Segment Start: GIVEN RECORDS
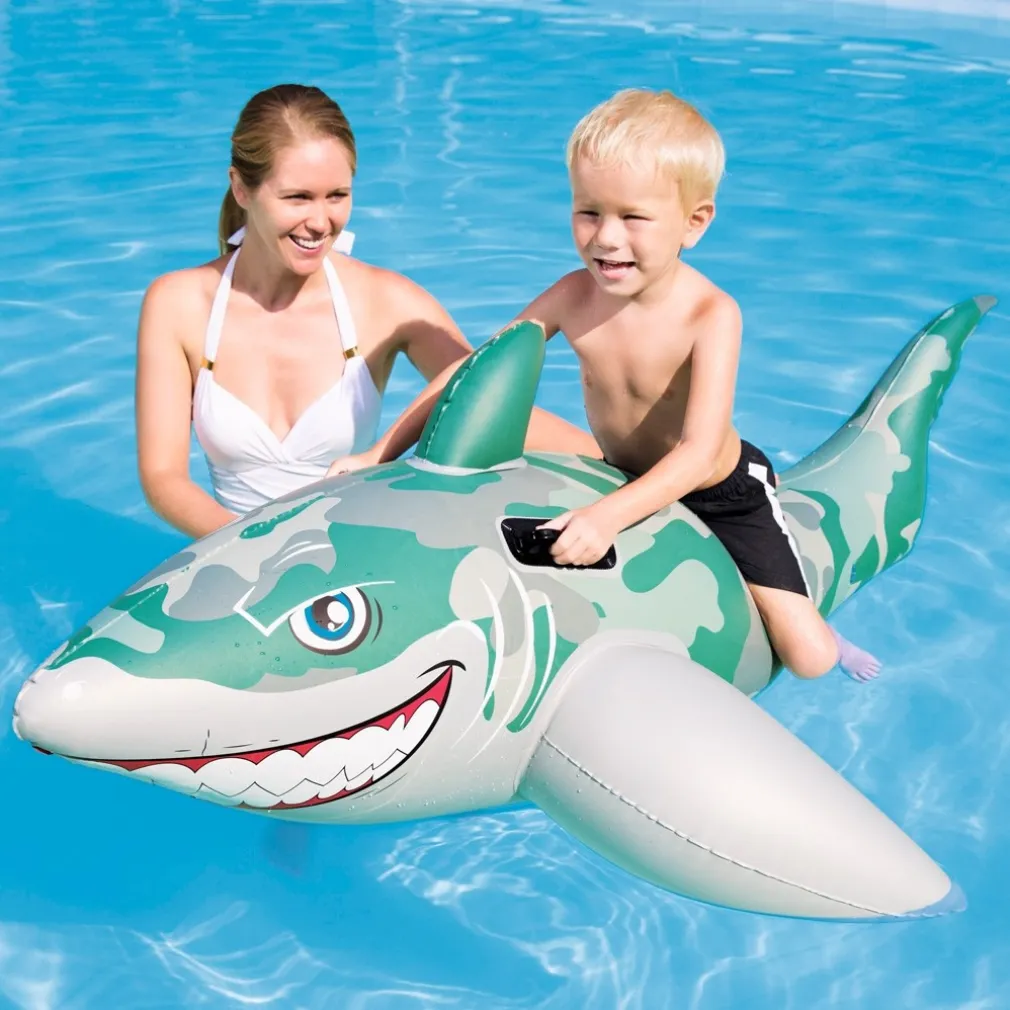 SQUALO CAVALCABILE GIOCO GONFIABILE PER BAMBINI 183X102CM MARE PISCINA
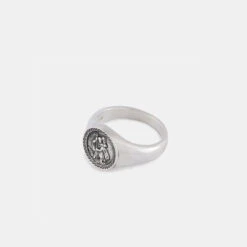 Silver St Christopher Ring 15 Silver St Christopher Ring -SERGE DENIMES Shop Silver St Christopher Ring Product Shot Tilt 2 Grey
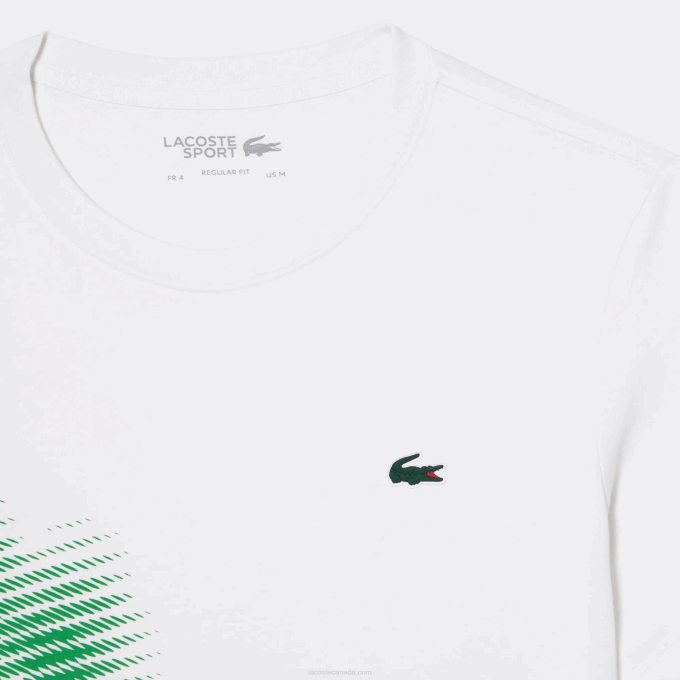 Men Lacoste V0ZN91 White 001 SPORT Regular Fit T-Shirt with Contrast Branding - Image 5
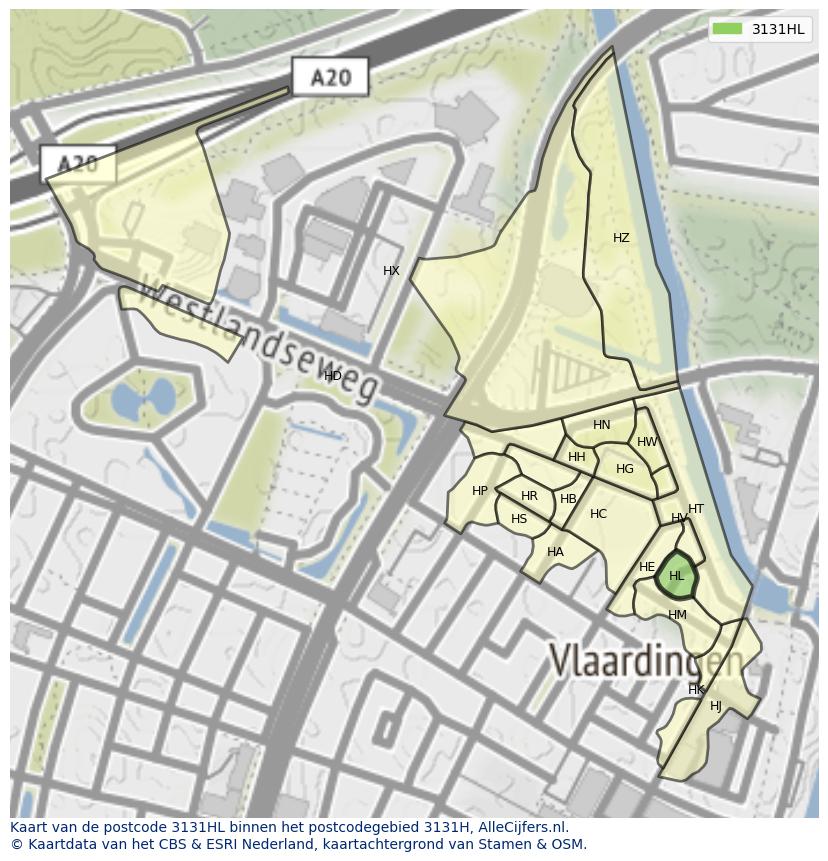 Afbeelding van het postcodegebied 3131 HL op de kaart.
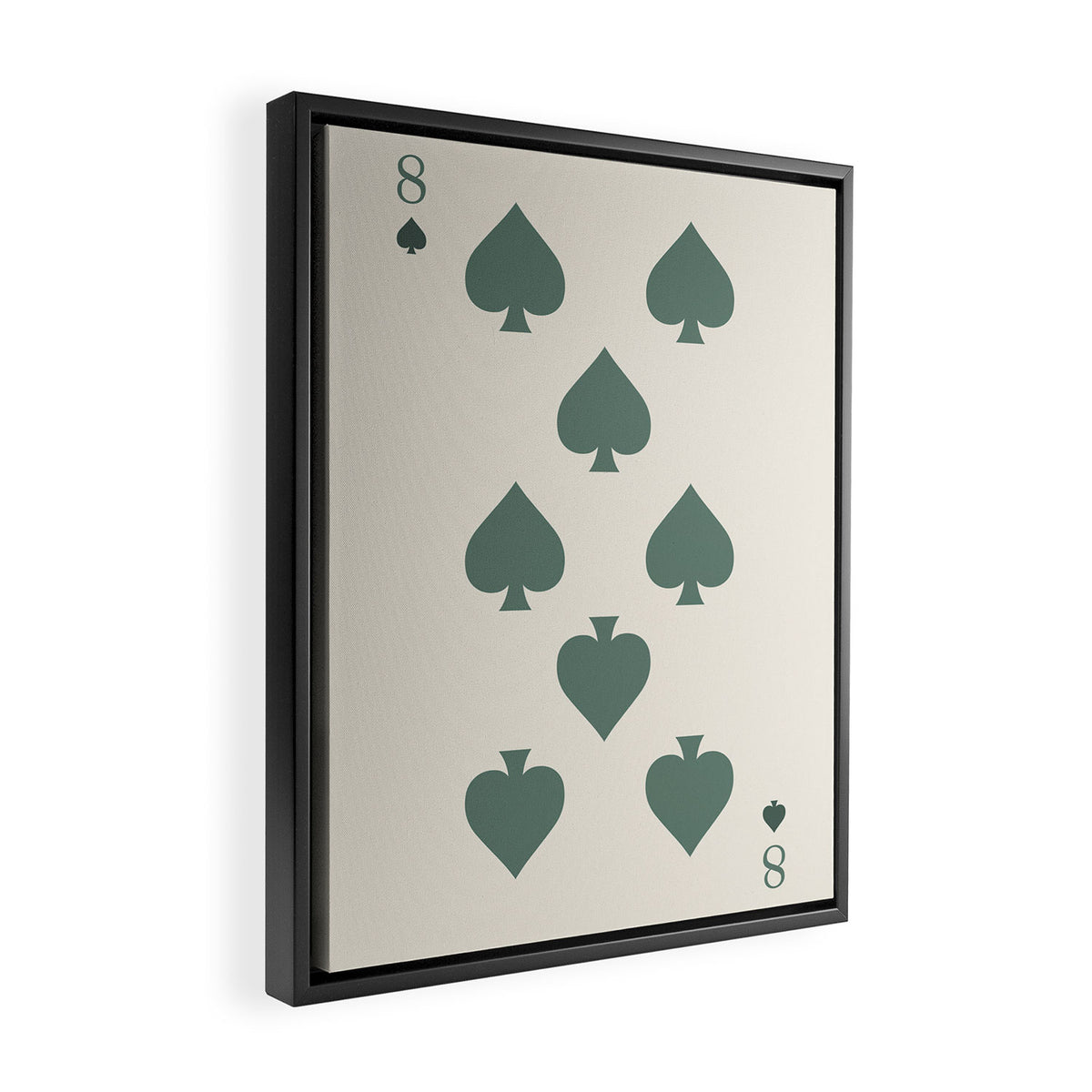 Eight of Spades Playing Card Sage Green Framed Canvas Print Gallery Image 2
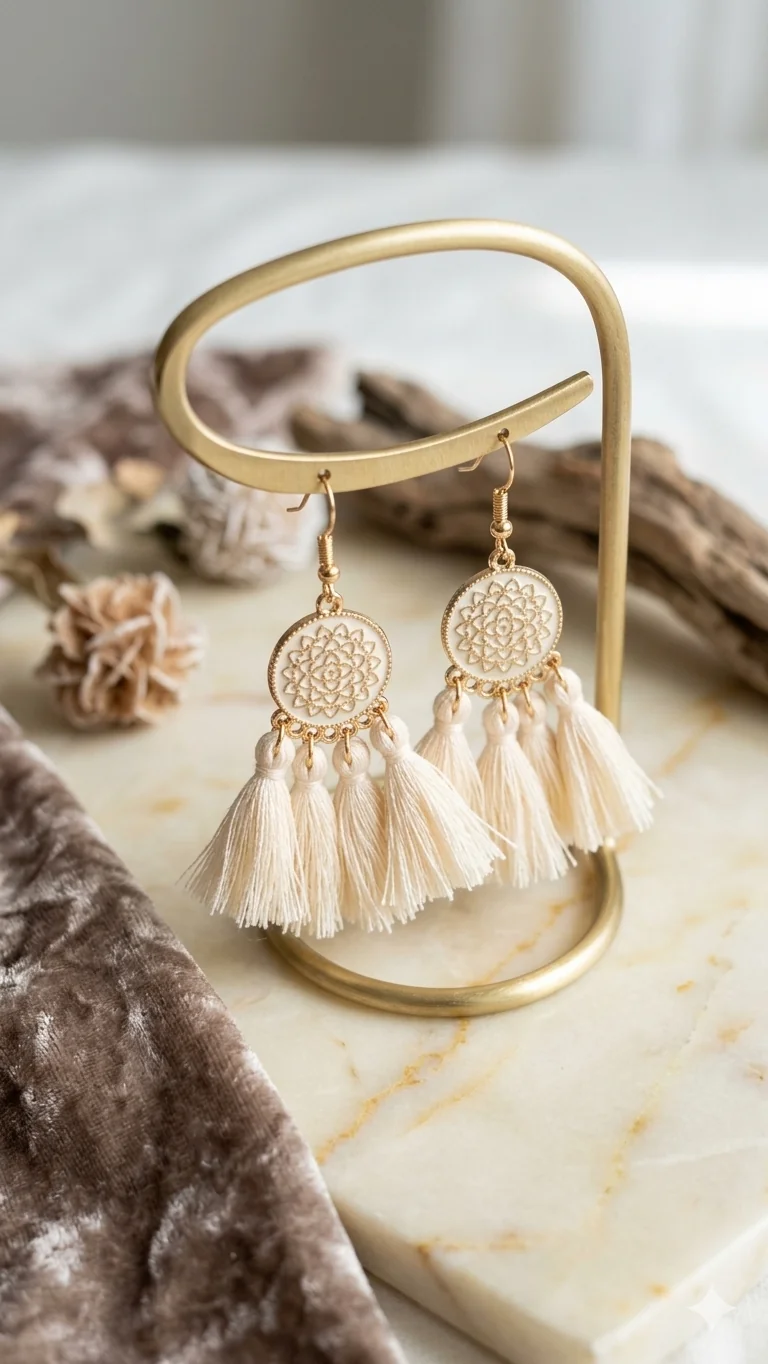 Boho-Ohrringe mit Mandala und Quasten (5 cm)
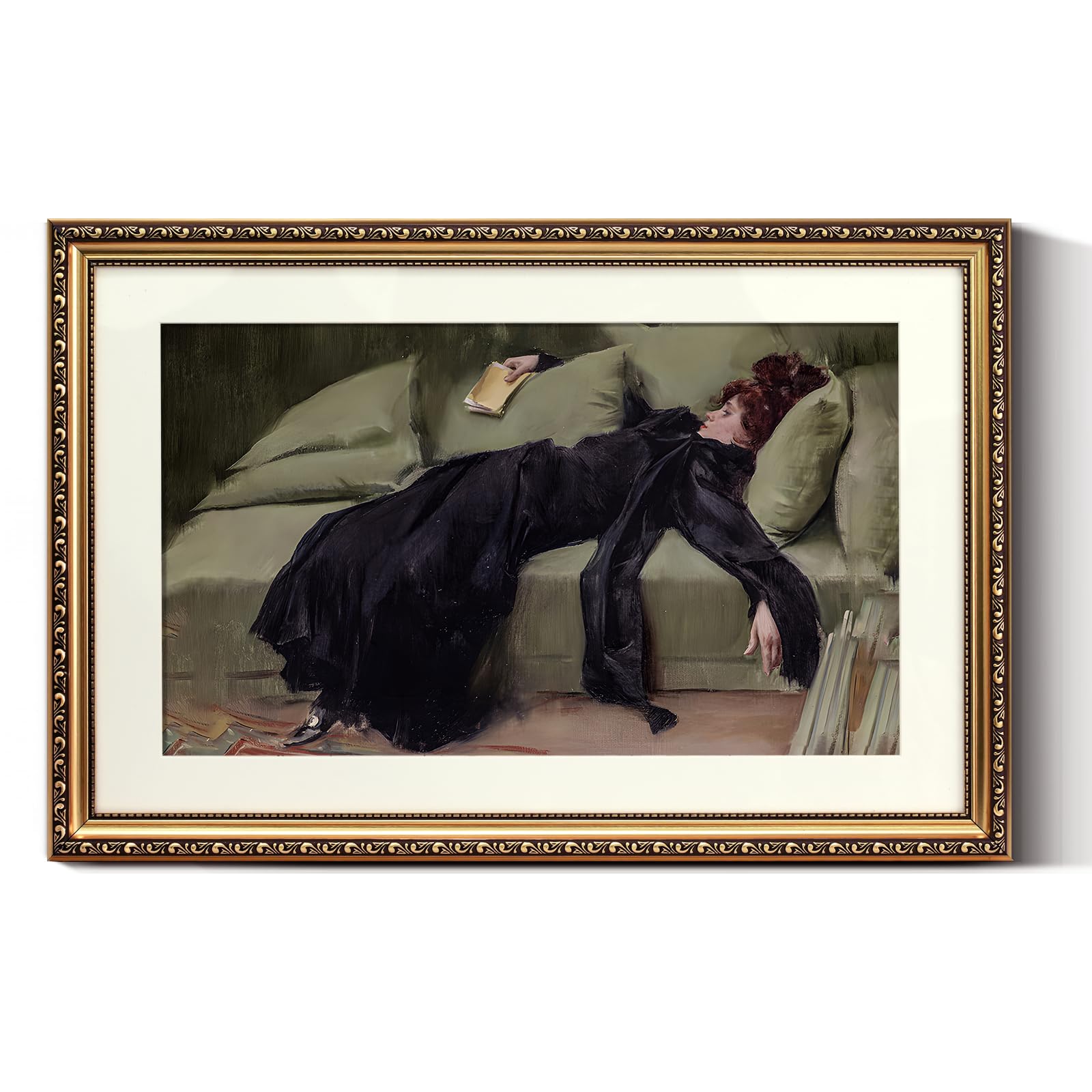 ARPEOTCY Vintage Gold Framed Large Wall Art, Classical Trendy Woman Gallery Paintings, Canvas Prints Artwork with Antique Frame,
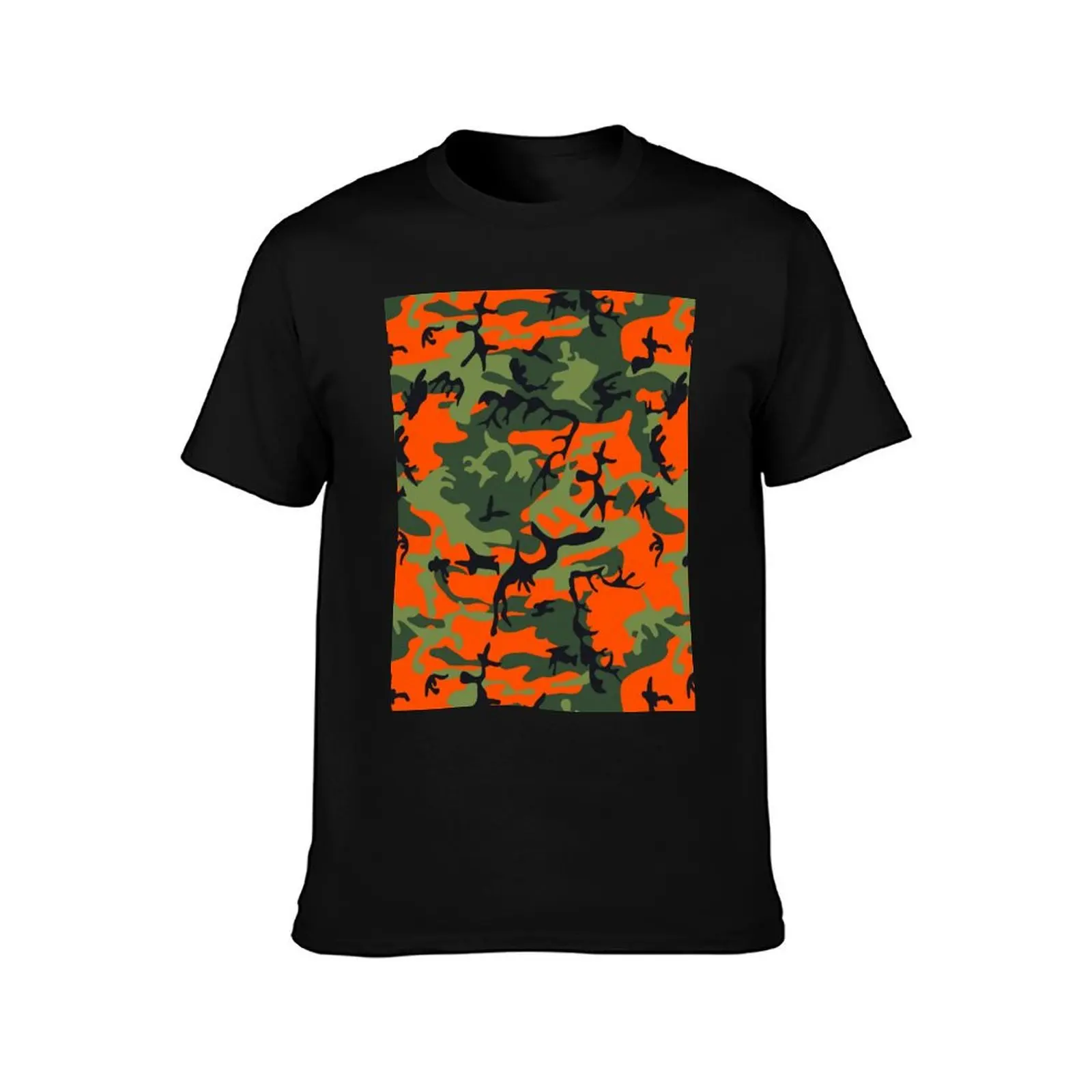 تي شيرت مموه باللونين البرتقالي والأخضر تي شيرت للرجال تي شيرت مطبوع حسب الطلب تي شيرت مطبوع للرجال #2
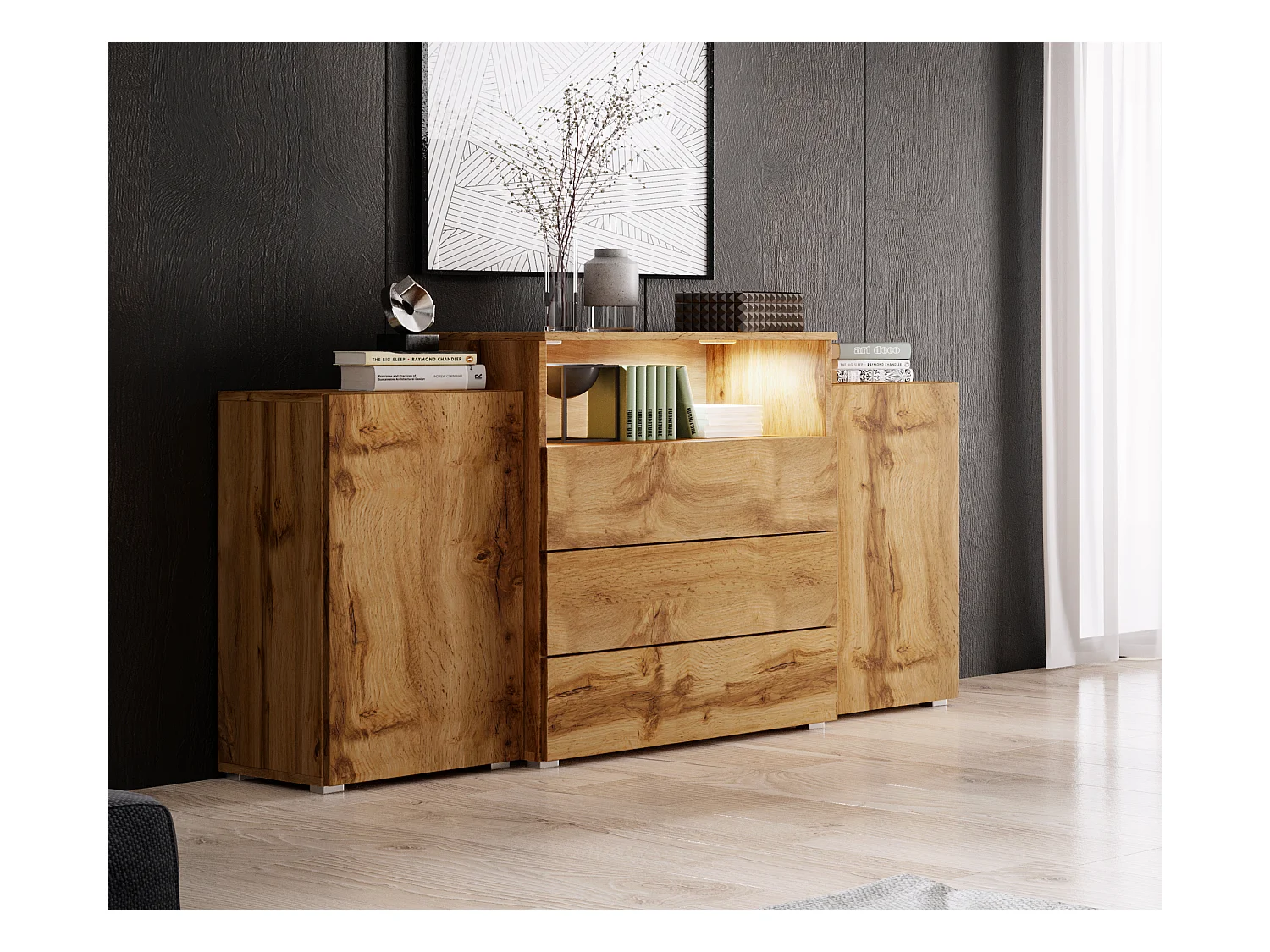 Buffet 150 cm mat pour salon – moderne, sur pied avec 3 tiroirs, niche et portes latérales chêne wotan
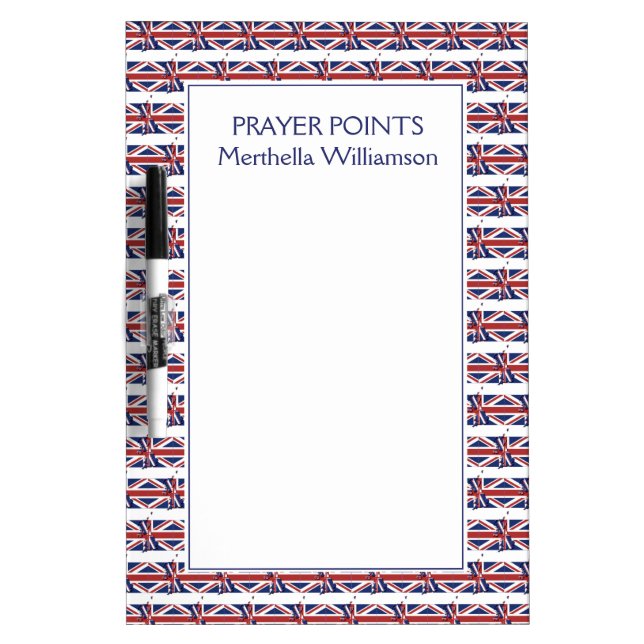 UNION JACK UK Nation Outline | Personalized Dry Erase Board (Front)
Segment End: GIVEN RECORDS
_WHAT YOU WILL DO_: Your job is to transcribe the records exactly and in full. Pictures are not part of the copy.

_COMPLETED EXERCISE_:
 SQUALO CAVALCABILE GIOCO GONFIABILE PER BAMBINI 183X102CM MARE PISCINA
 Silver St Christopher Ring 15 Silver St Christopher Ring -SERGE DENIMES Shop Silver St Christopher Ring Product Shot Tilt 2 Grey
 Men Lacoste V0ZN91 White 001 SPORT Regular Fit T-Shirt with Contrast Branding - Image 5
 Afbeelding van het postcodegebied 3131 HL op de kaart.
 Eight of Spades Playing Card Sage Green Framed Canvas Print Gallery Image 2
 Boho-Ohrringe mit Mandala und Quasten (5 cm)
 ARPEOTCY Vintage Gold Framed Large Wall Art, Classical Trendy Woman Gallery Paintings, Canvas Prints Artwork with Antique Frame,
 تي شيرت مموه باللونين البرتقالي والأخضر تي شيرت للرجال تي شيرت مطبوع حسب الطلب تي شيرت مطبوع للرجال #2
 Buffet 150 cm mat pour salon – moderne, sur pied avec 3 tiroirs, niche et portes latérales chêne wotan
 UNION JACK UK Nation Outline | Personalized Dry Erase Board (Front)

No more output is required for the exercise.